- **Assignment**
Look for the line with "Madison Park Luna"; please transcribe it and every later line in the entries exactly, up to the end, leaving pictures out.

- **Data entries**
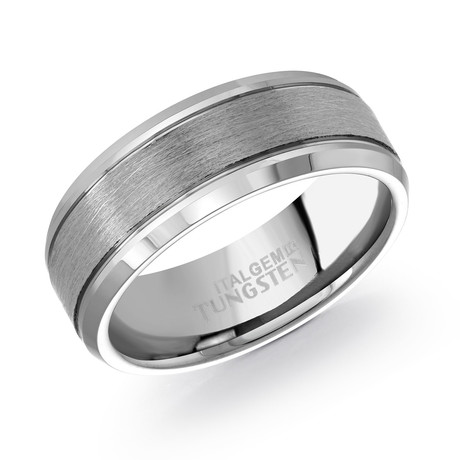 Tungsten Carbide Brushed Polished Band // 8mm // Silver (7)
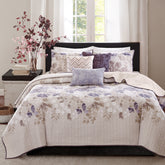 Madison Park Luna coverlet center with watercolor florals for calming focal point
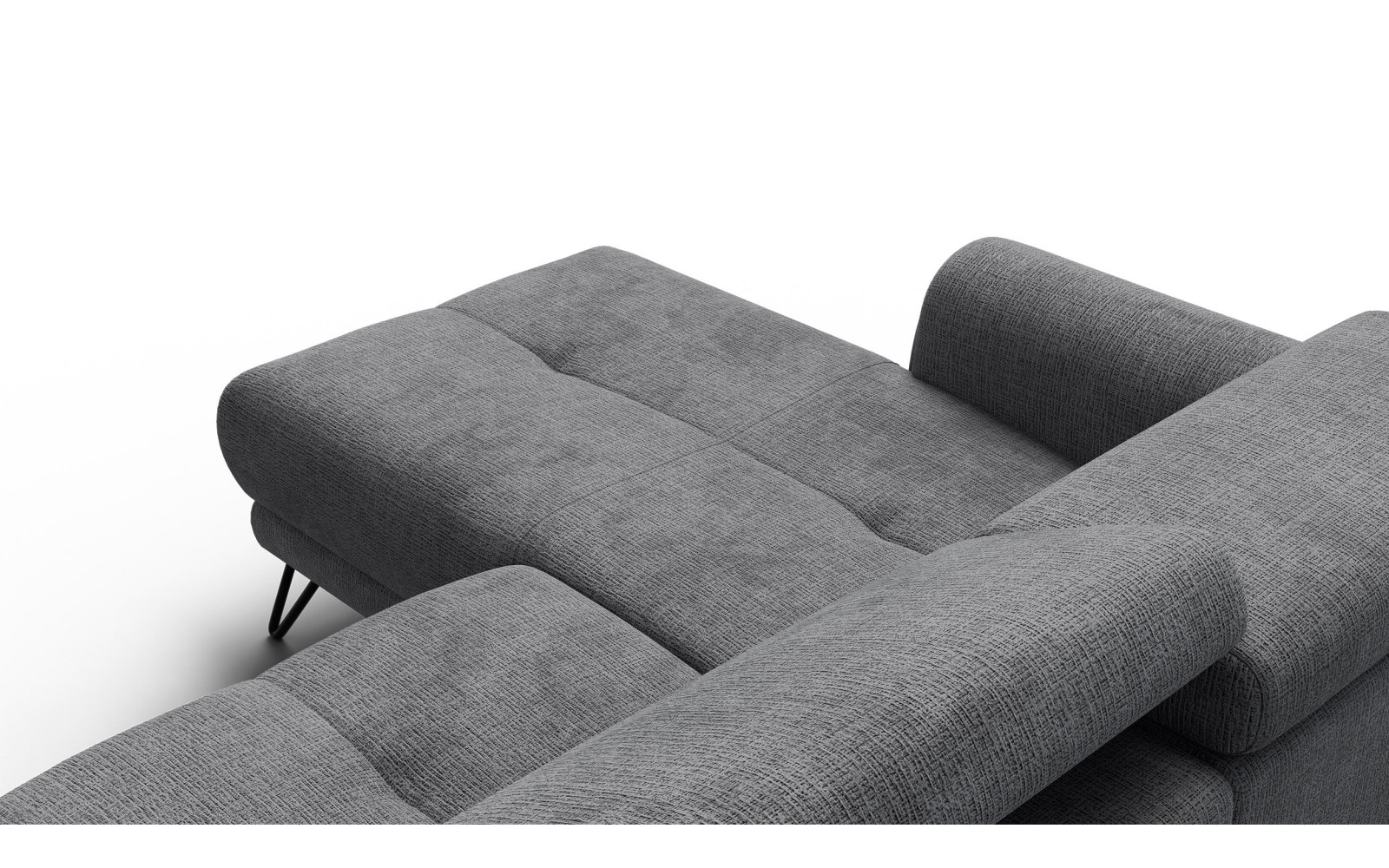Ecksofa 4-Sitzer mit Relax RODEN, dunkelgrau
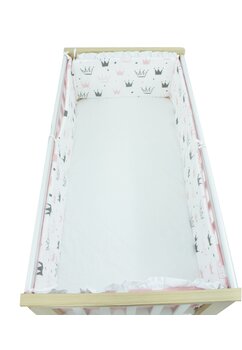 Set 2 aparatori, bumbac, coronite princess roz, 120x60 cm
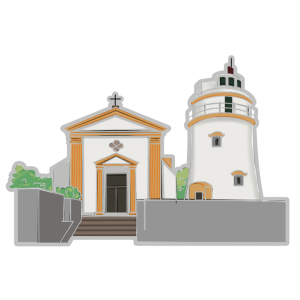 Macau Impression Badge Fridge Magnet - Guia Lighthouse
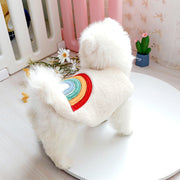 ペット服 ベスト ボアジャケット 犬 猫 ドッグウエア キャットウエア アップリケ ハート 虹 防寒 秋 冬 もこもこ お散歩 お出掛け 前開き スナップボタン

- **Result of the task**
 Madison Park Luna coverlet center with watercolor florals for calming focal point
Ecksofa 4-Sitzer mit Relax RODEN, dunkelgrau
 Set 2 aparatori, bumbac, coronite princess roz, 120x60 cm
 Macau Impression Badge Fridge Magnet - Guia Lighthouse
 ペット服 ベスト ボアジャケット 犬 猫 ドッグウエア キャットウエア アップリケ ハート 虹 防寒 秋 冬 もこもこ お散歩 お出掛け 前開き スナップボタン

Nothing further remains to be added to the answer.